The Internet has become the new backbone of corporate operations. Delivery services, banking, VPN connections from anywhere and everywhere - it’s all powered by the Internet as the new delivery mechanism for customer and employee applications and services.
Guaranteeing access to an always-on experience of those digital services is essential to any business. While predictive analytics and AI-powered intelligence allow us to build forecasting models that help optimize performance and minimize downtime, outages on the Internet can permutate in an infinite number of ways. But with Internet outages occurring on external networks and within third-party providers that sit outside the owned IT perimeter, how do you attempt to identify these outages, let alone predict and mitigate them?
No longer a finite number of events
An outage will present to the end user in a standard set of ways, including slower load times or a complete inability to access an application or service. Often, there’s commonality in the underlying pattern - or the chain of events - that led to that outage occurring.

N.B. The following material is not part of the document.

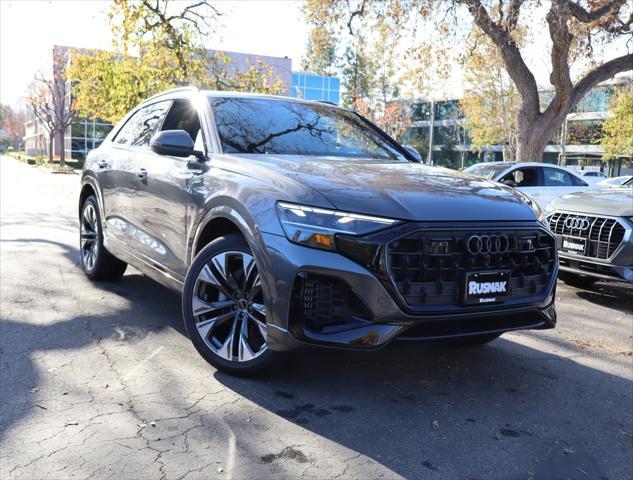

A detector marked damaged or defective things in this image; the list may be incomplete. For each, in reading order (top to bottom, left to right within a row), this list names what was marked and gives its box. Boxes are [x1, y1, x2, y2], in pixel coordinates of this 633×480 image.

cracked asphalt [0, 155, 628, 480]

In isolation, each pattern is detectable and observable. Most IT teams will conduct a post-incident analysis to map out the pattern or sequence of events that led to an outage. This helps understand the chain reaction of events in detail such that if the same pattern was to repeat in the future, it can be detected and an intervention made before it ends in a disruption that impacts users.
The challenge facing operations teams today is that things are no longer this simple, and outages are no longer based on a finite number of isolated events.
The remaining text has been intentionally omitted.